A 1992 graduate of , Kevin Collison sat in the bustling media center of his alma mater Wednesday morning helping reshape the future curriculum of local high school students.
Collison, a financial planner with Merrill Lynch, collaborated along with more than 30 business partners and South River teachers to change how kids learn in classrooms. As part of South River’s Global Communications and Public Affairs (GCPA) signature program, coordinator Linda Lamon hosted Collision and others to answer the “why?” of high school education.
“The goal is to implement real-world experience and apply it in the classroom as a way to answer the great ‘Why?’ ‘Why are we learning this?’” Lamon said.
The workshop, known as the South River Signature Overlay Training and Writing Retreat, was the first step of several to accomplish the signature program’s goal.
A wide variety of professionals attended the gathering, including state Sen. John Astle (D-Annapolis).
Former English teacher Rich Burger explained the need for innovative thinking when it comes to engaging students.
“I was the obnoxious kid in the back of the classroom asking ‘Why are we learning this stuff?’” Burger said. “If the teacher could make the connection, I was good. I had one teacher who couldn’t and I never learned.”
The strategy is about “making connections” to students so that they know the things they learn today will be implemented tomorrow, Burger said.
He added that it’s not about adding more work to the teachers, but about increasing relevance for the kids.
At tables in the media center, one educator and two to five professionals discussed innovative strategies in topic areas such as math, social studies, world languages, foundations of technology and more. In many cases, the business partners were eager to hear how they could help the teachers inject real-life examples, specifically when it came to topics in Anne Arundel County.
At the foundations of technology table, Collison spoke with South River teachers Ryan Sackett and Sean Gold, discussing the need for student flexibility due to the ever-changing landscape of business communication.
"I do business drastically different than I did even five years ago," Collison said.
Jennifer Carr, volunteer coordinator for the South River Federation, said the workshop was a great way to connect with teachers and increase children’s exposure to real-world opportunity.

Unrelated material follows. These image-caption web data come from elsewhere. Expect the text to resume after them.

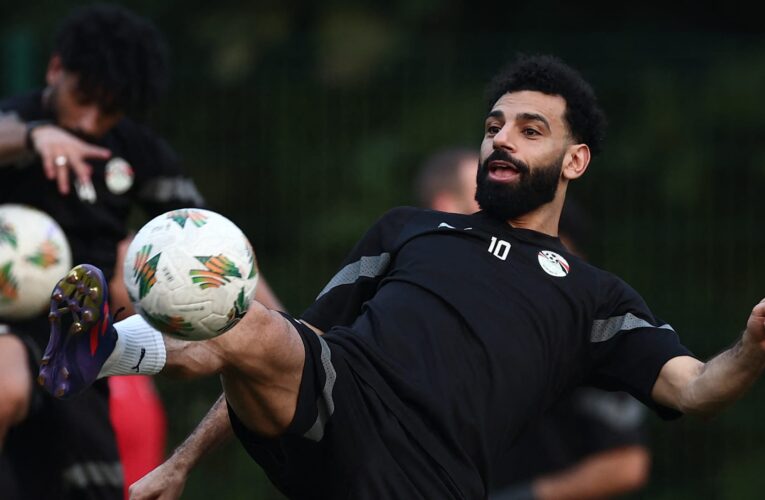 “مبسوطين؟”.. نجيب ساويرس يوجه رسالة لمهاجمي محمد صلاح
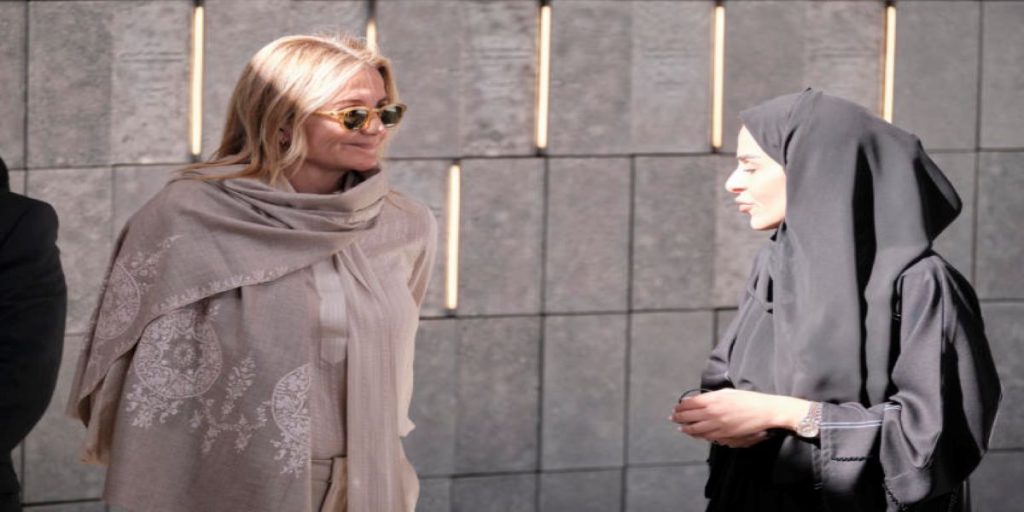 Η Μαρέβα Μητσοτάκη στο Άμπου Ντάμπι: Οι στυλιστικές της επιλογές (φώτο)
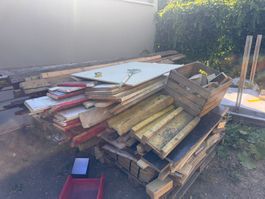 Gratis Bauholz / Restholz – nur komplett abzugeben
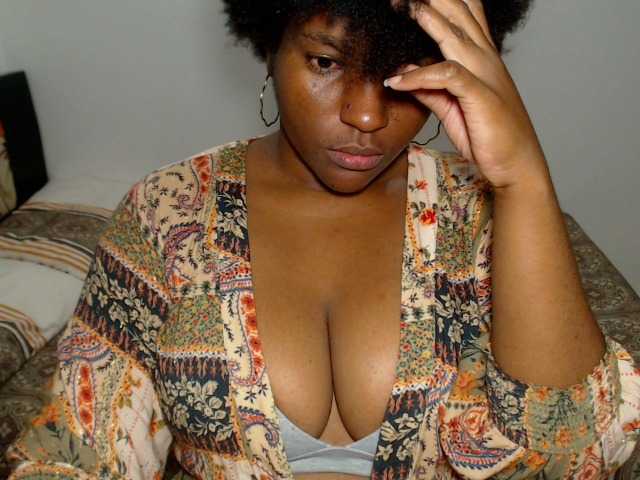 Transliacijos ekrano nuotraukos Yue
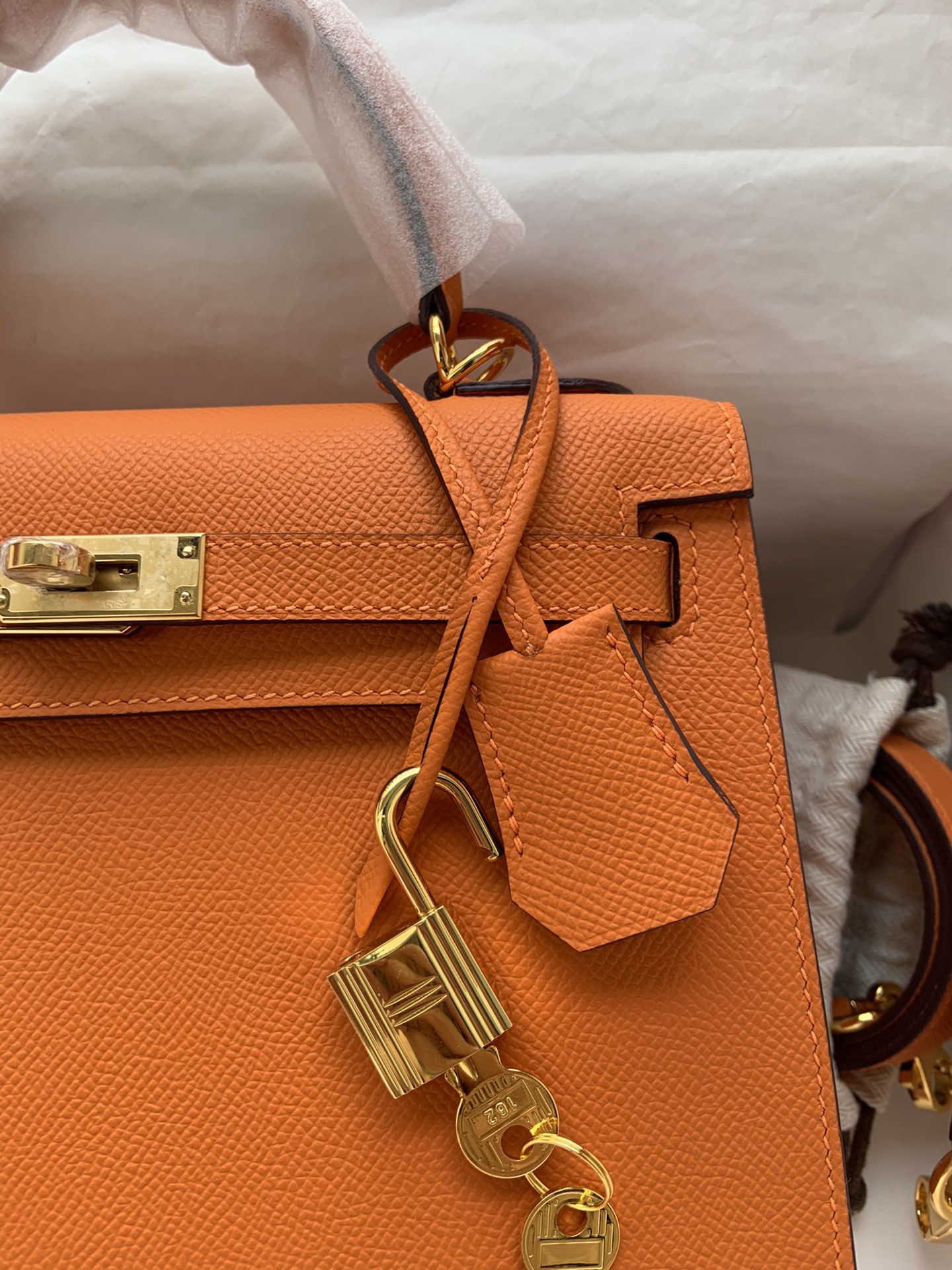 Hermes Kelly 25cm Handbag Shoulder Bag in Orange Epsom Leather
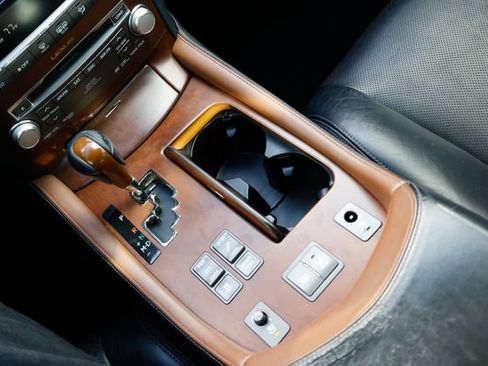 Used 2011 Lexus LS 460 4dr Sedan RWD image 43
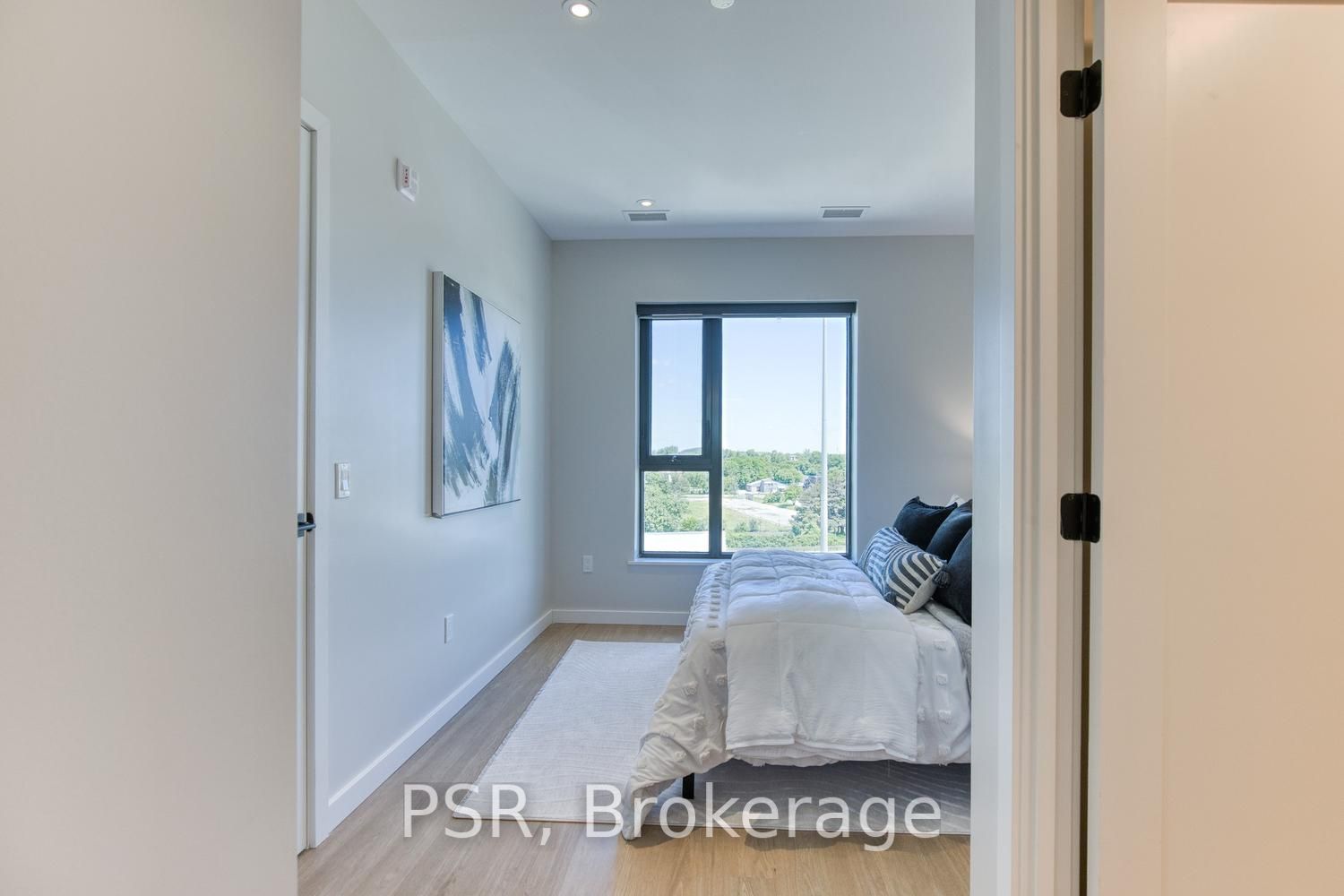 150 Hollywood Court 617 Property Photo 14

Peggy Galloway, an art teacher at South River, said she felt the program will help kids understand the importance and value of hard work.
“Kids get really excited when they are working with real people,” Galloway said. “Students these days can be somewhat short on social skills—plugged into their cell phones all the time—the reality is you have to work well with people.”

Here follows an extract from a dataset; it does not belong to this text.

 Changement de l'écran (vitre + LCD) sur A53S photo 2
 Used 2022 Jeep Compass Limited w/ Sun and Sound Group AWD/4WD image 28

The next step for the signature program is gathering the overlays written by South River teachers and sharing them with other educators throughout various departments, Lamon said.
“Every student in the school will be affected by these overlays,” Lamon said. “It helps all kids with real-life examples and problems and issues.”
The signature coordinator also said the GCPA program is set to host several hands-on projects and trips for students during the spring of 2013.